§ Record excerpts
^^^^^^^^

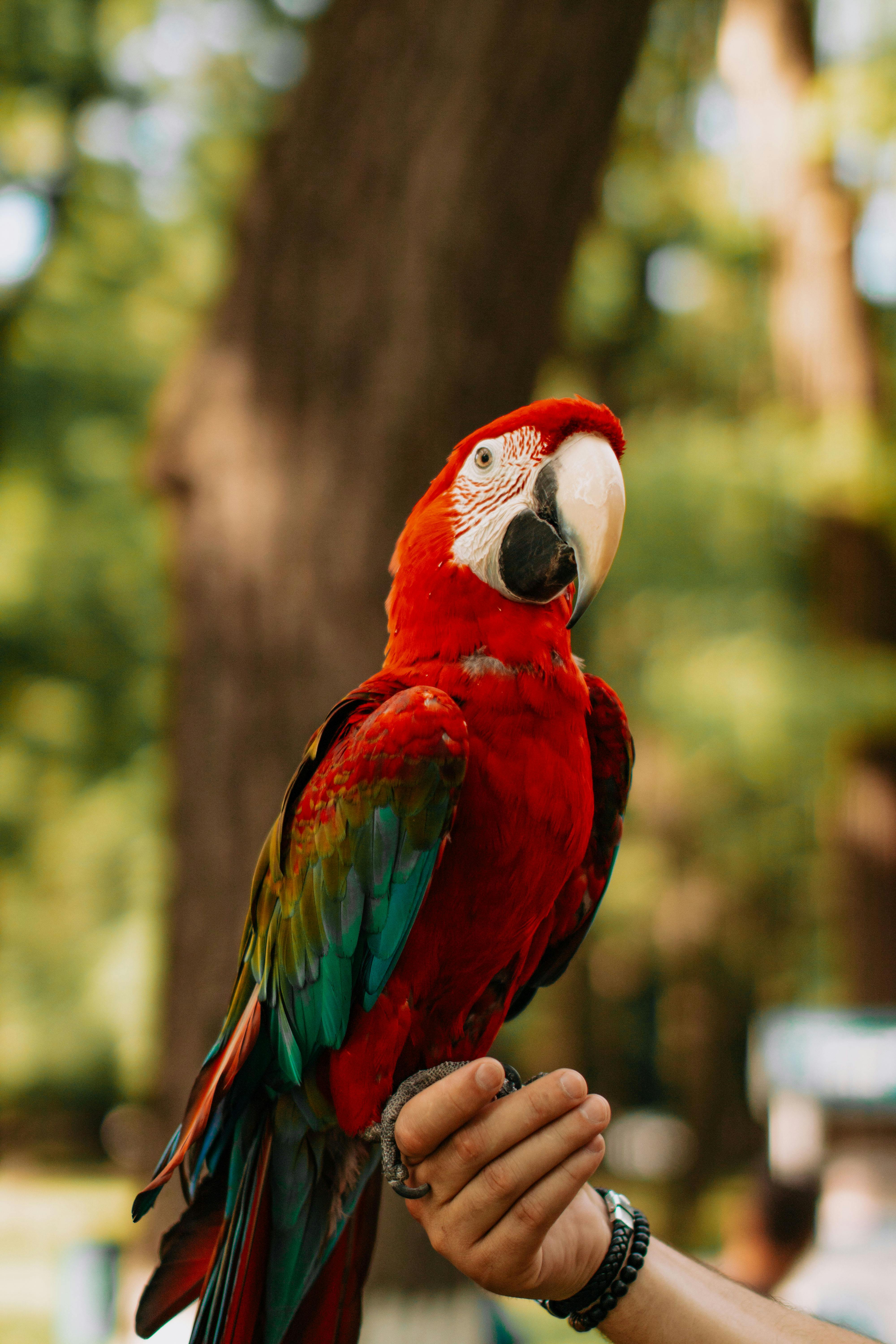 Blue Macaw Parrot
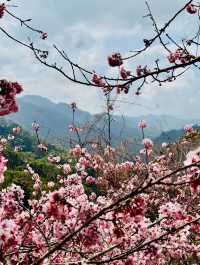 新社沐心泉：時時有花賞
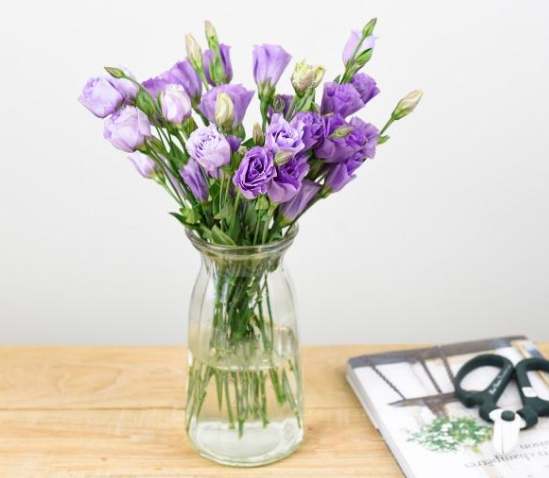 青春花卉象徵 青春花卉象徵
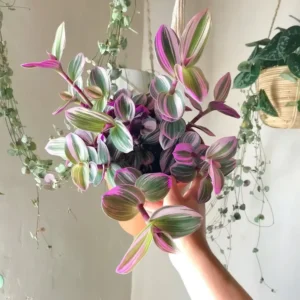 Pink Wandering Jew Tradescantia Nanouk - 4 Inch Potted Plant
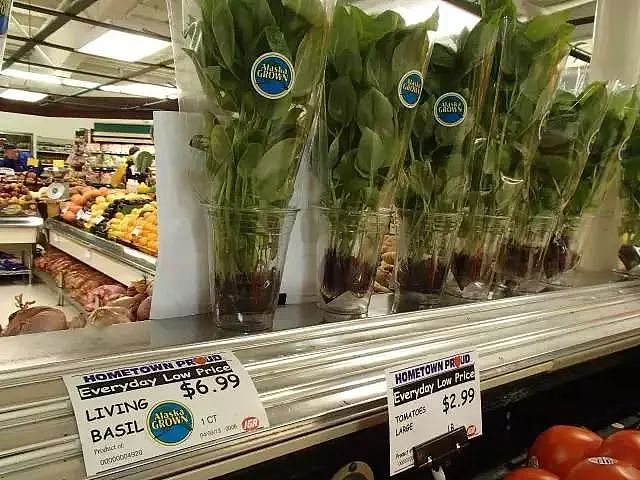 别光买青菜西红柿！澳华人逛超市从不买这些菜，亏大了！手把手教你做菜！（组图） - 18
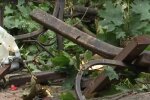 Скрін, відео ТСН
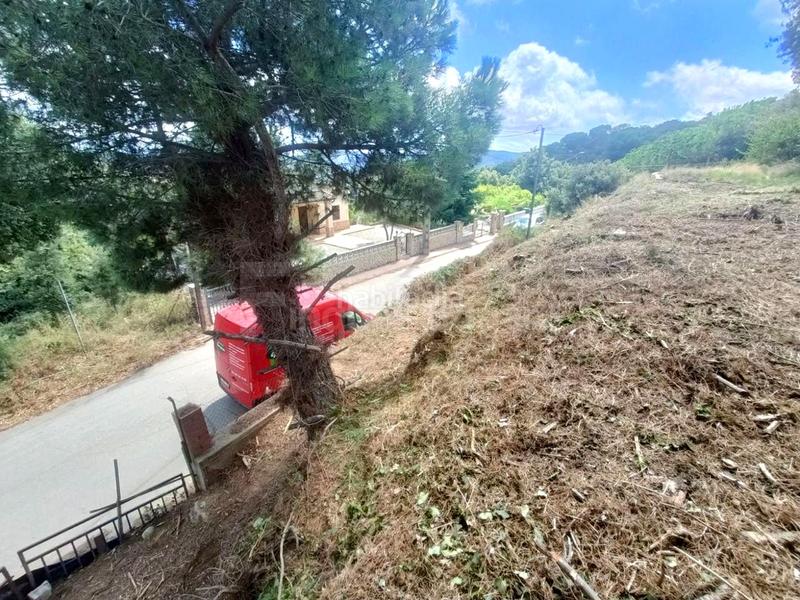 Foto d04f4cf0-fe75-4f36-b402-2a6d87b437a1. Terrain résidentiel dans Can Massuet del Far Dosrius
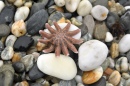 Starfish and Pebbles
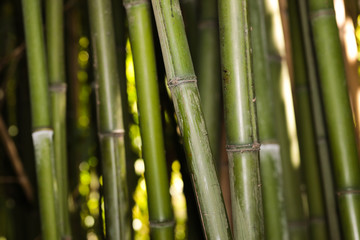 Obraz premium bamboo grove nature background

^^^^^^^^

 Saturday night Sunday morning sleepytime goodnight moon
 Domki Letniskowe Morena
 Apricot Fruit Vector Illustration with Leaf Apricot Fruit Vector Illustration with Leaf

^^^^^^^^

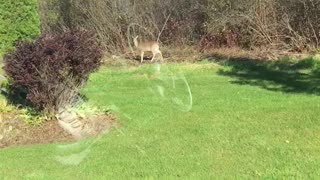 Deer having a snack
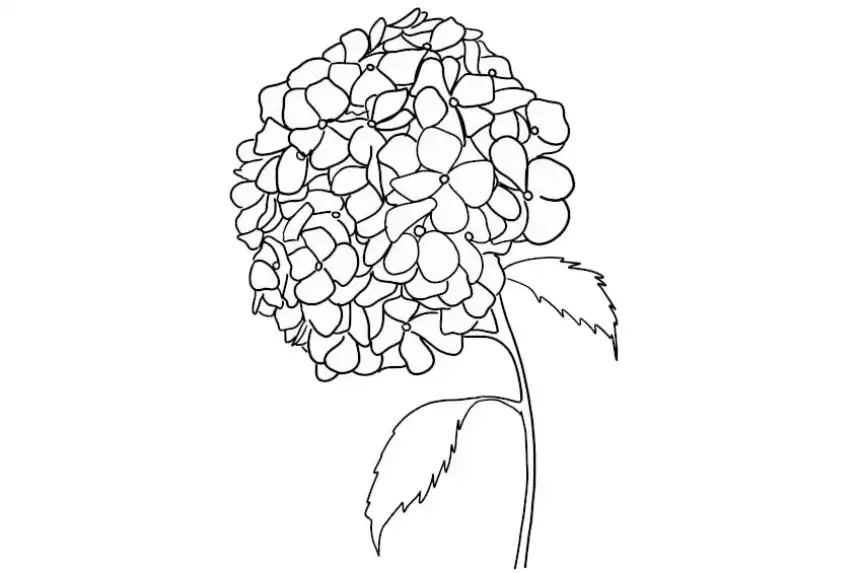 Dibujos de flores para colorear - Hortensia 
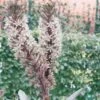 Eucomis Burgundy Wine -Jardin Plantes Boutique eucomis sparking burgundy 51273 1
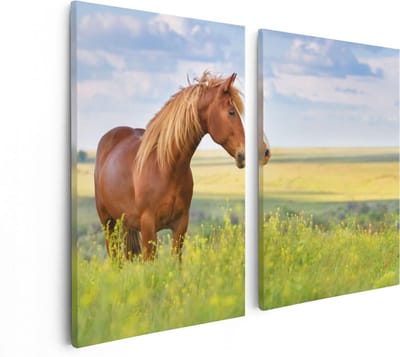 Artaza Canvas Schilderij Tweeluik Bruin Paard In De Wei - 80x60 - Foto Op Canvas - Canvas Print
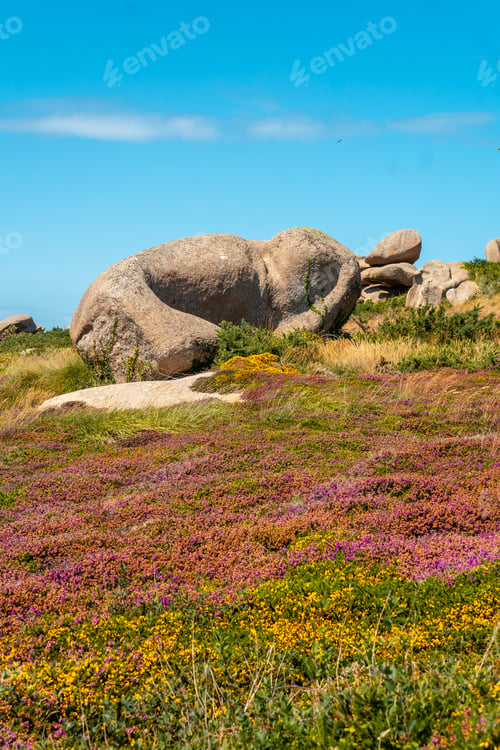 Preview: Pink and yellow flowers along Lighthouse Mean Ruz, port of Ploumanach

^^^^^^^^

§ Description of the task
From the listing above, output exactly the run of lines that starts with the line containing "Domki Letniskowe Morena" and ends with the line containing "Apricot Fruit Vector Illustration with Leaf Apricot".

§ Written response
 Domki Letniskowe Morena
 Apricot Fruit Vector Illustration with Leaf Apricot Fruit Vector Illustration with Leaf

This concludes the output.